5.5 The mean value theorem

If $f\colon I\to\mathbb{R}$ is differentiable, then the derivative $f^{\prime}\colon I\to\mathbb{R}$ encodes a lot of information about the original function $f$ . Here we discuss a number of important results in this vein, which relate properties of $f^{\prime}$ (and possibly higher-order derivatives) to properties of $f$ .

Stationary points

Let $I\subseteq\mathbb{R}$ be an open interval and suppose $f\colon I\to\mathbb{R}$ is differentiable. Intuitively, it is clear that the tangent to the graph of $f$ should be horizontal at a point $x_{M}\in I$ where the function attains its maximum: see Figure 5.10. The same holds for a point where $f$ attains its minimum. Thus, our intuition tells us that the derivative (which corresponds to the gradient of the tangent line) should vanish wherever we encounter an extreme value of the function.³³ 3 But we are not content with intuition: we need formal proof! We will make this precise in Theorem 5.34 below. In fact, this observation should still hold if, rather than necessarily consider a maximum $x_{M}$ for $f$ , we considering a local maximum, defined as follows.

Figure 5.10: The function

f\colon(a,b)\to\mathbb{R}

has a maximum at

x_{M}

and a local maximum at

x_{L}

. At both these points the tangent line to the graph is horizontal (they are stationary points of

f

Definition 5.33.

Let $I\subseteq\mathbb{R}$ be an open interval, $f\colon I\to\mathbb{R}$ be a function and $a\in I$ .

1

We say $x_{L}\in I$ is a local maximum for $f$ if there exists some open interval $J\subseteq I$ such that $x_{L}\in J$ and $f(x)\leq f(x_{L})$ for all $x\in J$ ;
2

We say $x_{\ell}\in I$ is a local minimum for $f$ if there exists some open interval $J\subseteq I$ such that $x_{\ell}\in J$ and $f(x)\geq f(x_{\ell})$ for all $x\in J$ .

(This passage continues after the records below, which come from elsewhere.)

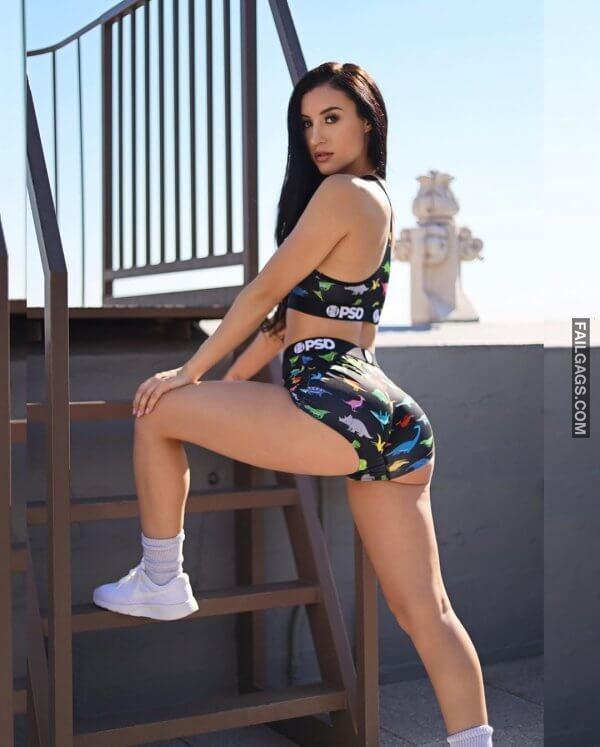 Sexy Girls Wearing Short Workout Shorts 6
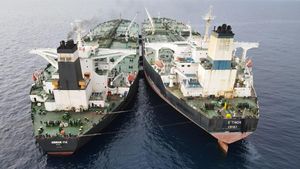 Penampakan Kapal Super Tanker Iran yang Ditangkap Bakamla RI
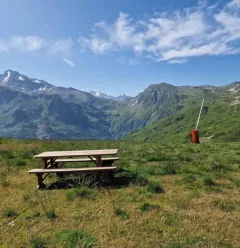 Aire de pique-nique au Bijolin_Montchavin-les-Coches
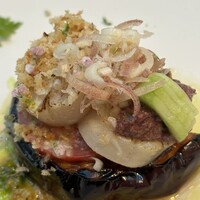 ザ タヴァン グリル＆ラウンジ - 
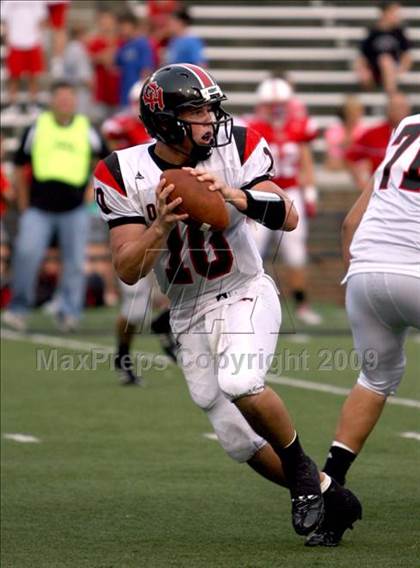 Thumbnail 1 in Oak Hills vs. La Salle (Skyline Crosstown Showdown) photogallery.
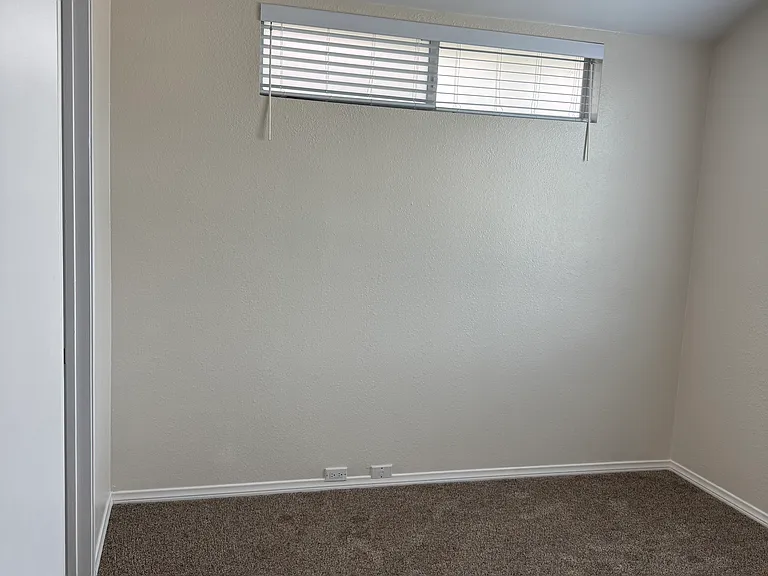 1105 Virginia Way — Photo 11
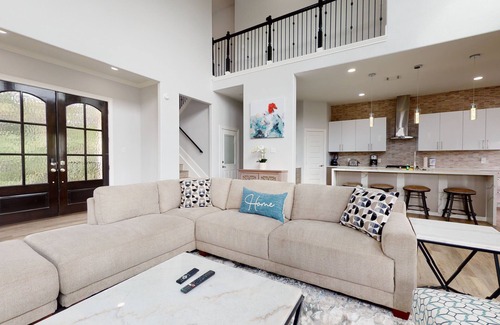 Dickinson Villa | Waterfront Retreat Getaway with Gameroom Firepit Fishing Kayaks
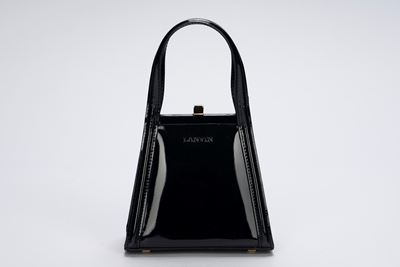 Mini borsa in vernice nera con dettagli in metallo dorato e tracolla staccabile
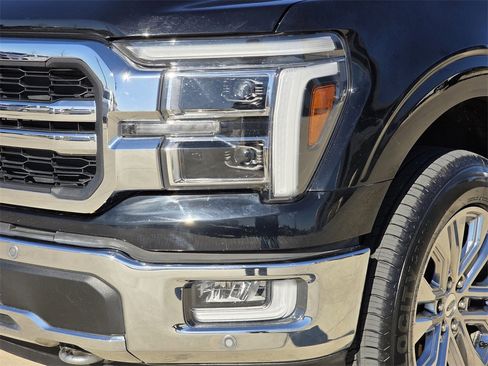 Used 2024 Ford F150 Lariat w/ FX4 Off-Road Package image 6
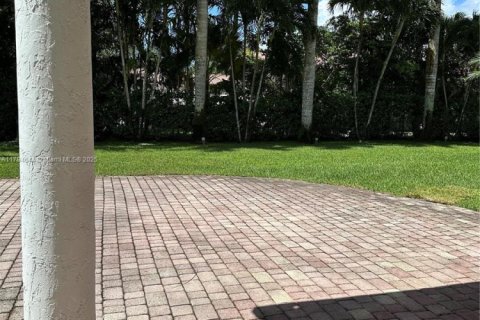 House in Pinecrest, Florida 6 bedrooms, 543.39 sq.m. № 1711230 - photo 8
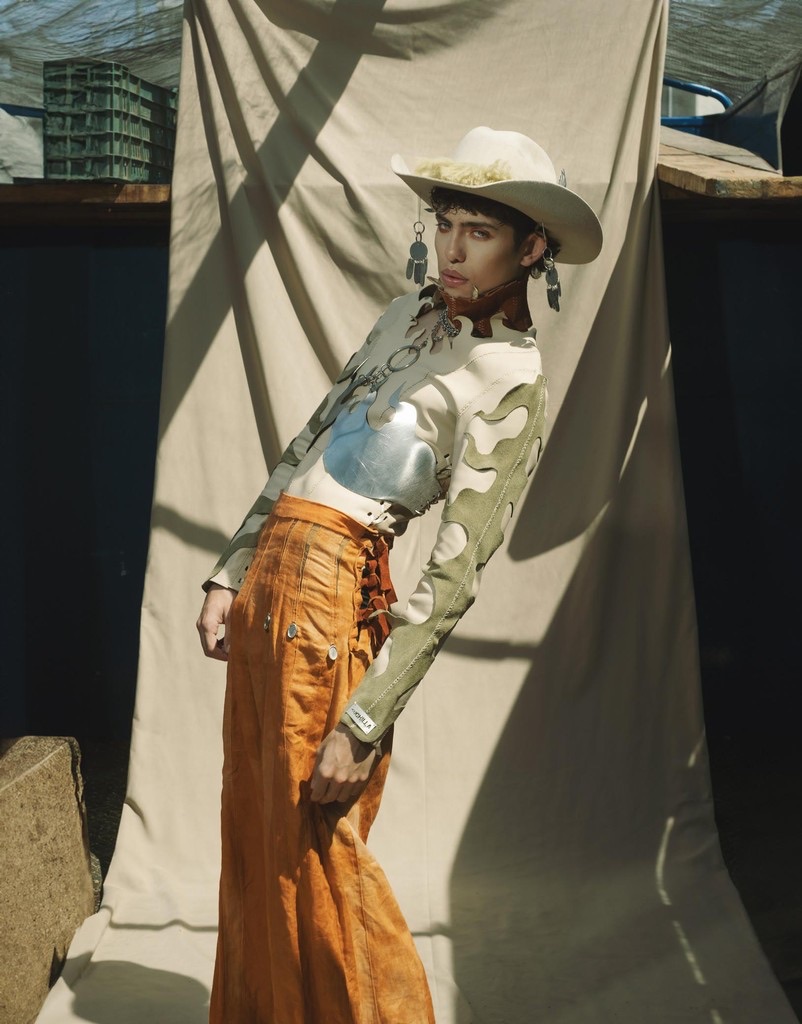 Israel Morales, foto 1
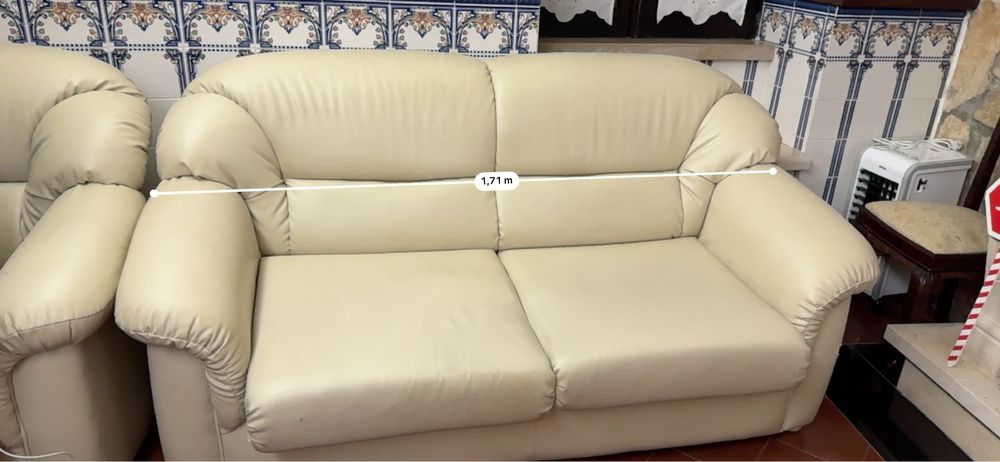 Sofas usados 2 lugares individuais e 1 sofa cama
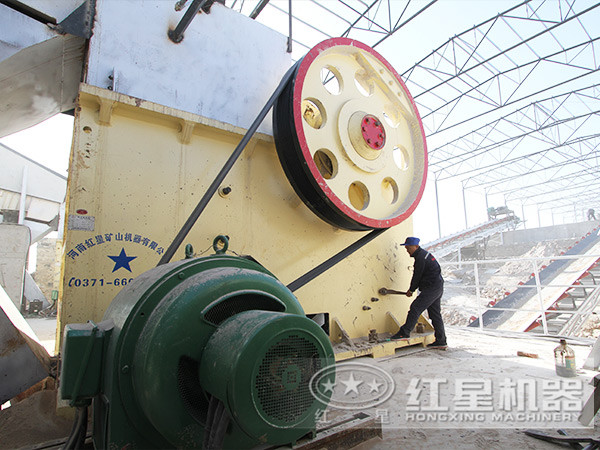 PE750*1060鄂式破碎機(jī)安裝生產(chǎn)客戶(hù)現(xiàn)場(chǎng)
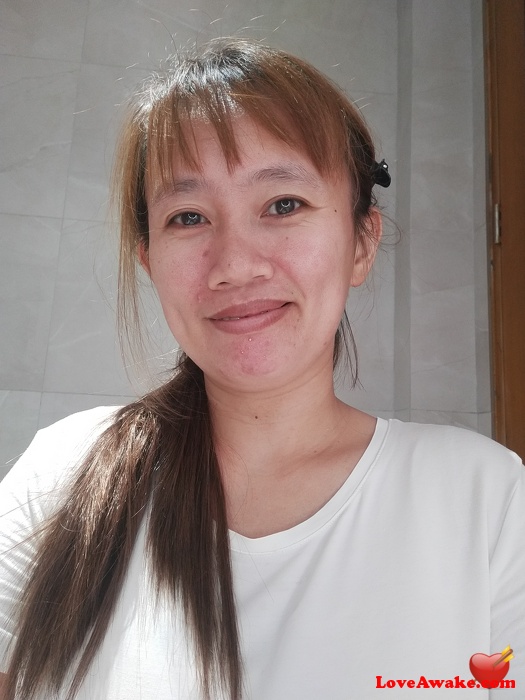Tanigegel Filipina Woman from Manila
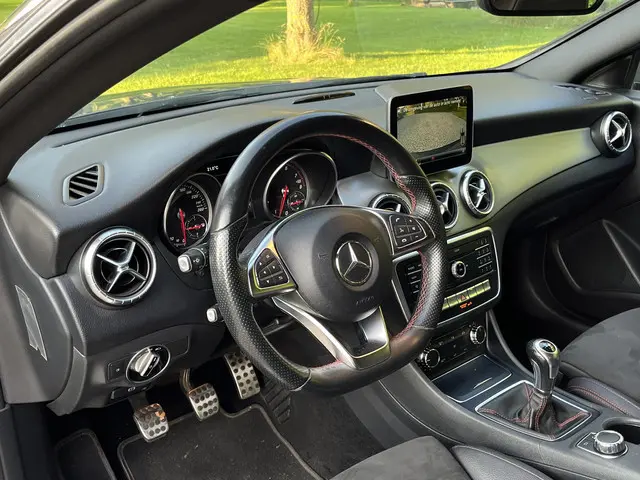 Mercedes-Benz CLA 180 AMG Line 2017 Benzine 9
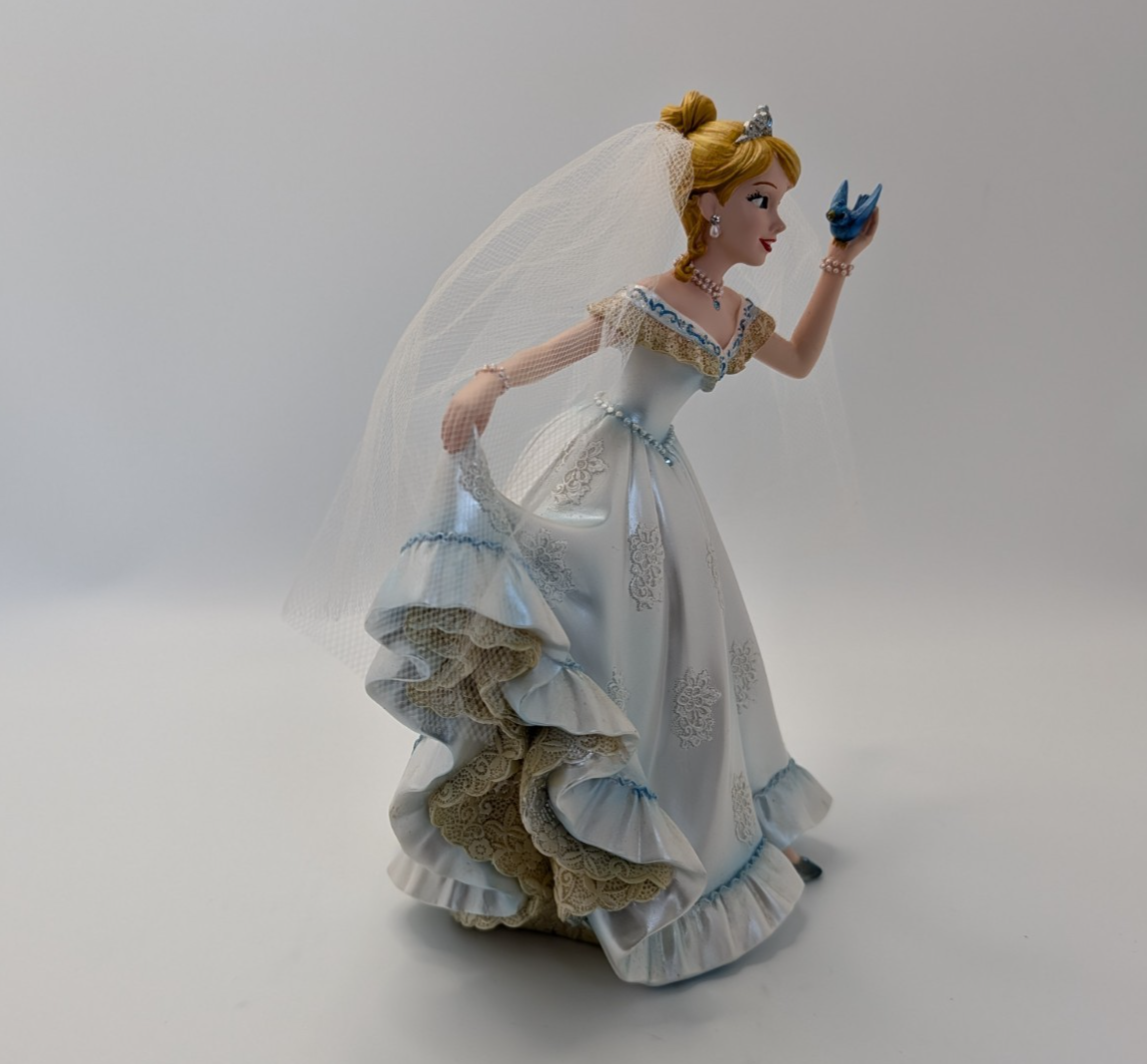 Disney Showcase Couture de Force Cinderella Bridal figurine 4045443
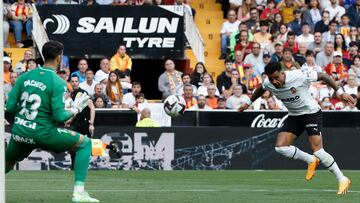 VALENCIA, 28/05/2023.- El delantero del Valencia Justin Kluivert (d) cabecea un balón ante el portero Fernando Pacheco, del Espanyol, durante el partido de Liga en Primera División que Valencia CF y RCD Espanyol disputan este domingo en el estadio de Mestalla. EFE/Biel Aliño
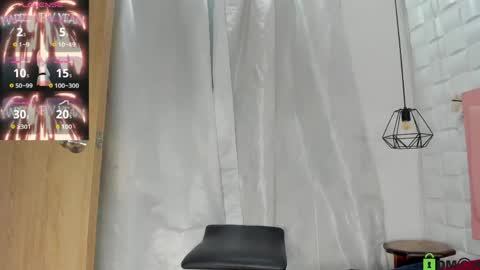 Snapshot of _victoria_milf_ chatting on 05-14-26, 08:15 victoria online show from 05-14-26, 08:15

We illustrate the concept of a local maximum in Figure 5.10. Note that if $x_{M}$ is a maximum for $f$ , then it is also a local maximum (since we can just take $J:=I$ ). Similarly, if $x_{m}$ is a minimum for $f$ , then it is also a local minimum.

The following theorem makes precise the intuitive link between local extrema and derivatives. The key to this link is considering the zeros of the derivative $f^{\prime}$ , which we call the stationary points of the function $f$ .

Theorem 5.34 (Stationary point theorem).

Let $I\subseteq\mathbb{R}$ be an open interval and $f\colon I\to\mathbb{R}$ be differentiable.

1

If $x_{L}\in I$ is a local maximum for $f$ then $f^{\prime}(x_{L})=0$ .
2

If $x_{\ell}\in I$ is a local minimum for $f$ , then $f^{\prime}(x_{\ell})=0$ .

In particular, the maximum and minimum of $f$ (if they exist) must occur at stationary points of $f$ .

Proof.

We shall only prove (1), since (2) can be proved using a similar argument, or can be derived from (1) by replacing $f$ with $-f$ .

Suppose $f$ has a local maximum at $x_{L}\in I$ , so that there exists some open interval $J\subseteq I$ with $x_{L}\in J$ such that $f(x)\leq f(x_{L})$ for all $x\in J$ . In particular, if $h\in\mathbb{R}\setminus\{0\}$ is such that $x_{L}+h\in J$ , then $f(x_{L}+h)-f(x_{L})\leq 0$ . Consequently, the difference quotient satisfies

\frac{f(x_{L}+h)-f(x_{L})}{h}>0\quad\text{if $h<0$}\qquad\text{and}\qquad\frac% {f(x_{L}+h)-f(x_{L})}{h}<0\quad\text{if $h>0$.}

Since $f$ is differentiable at $x_{L}$ , the left and right derivatives exist at $x_{L}$ and are equal to $f^{\prime}(x_{L})$ . Furthermore,

f^{\prime}(x_{L})=\lim_{h\to 0-}\frac{f(x_{L}+h)-f(x_{L})}{h}\geq 0\qquad\text% {and}\qquad f^{\prime}(x_{L})=\lim_{h\to 0+}\frac{f(x_{L}+h)-f(x_{L})}{h}\leq 0.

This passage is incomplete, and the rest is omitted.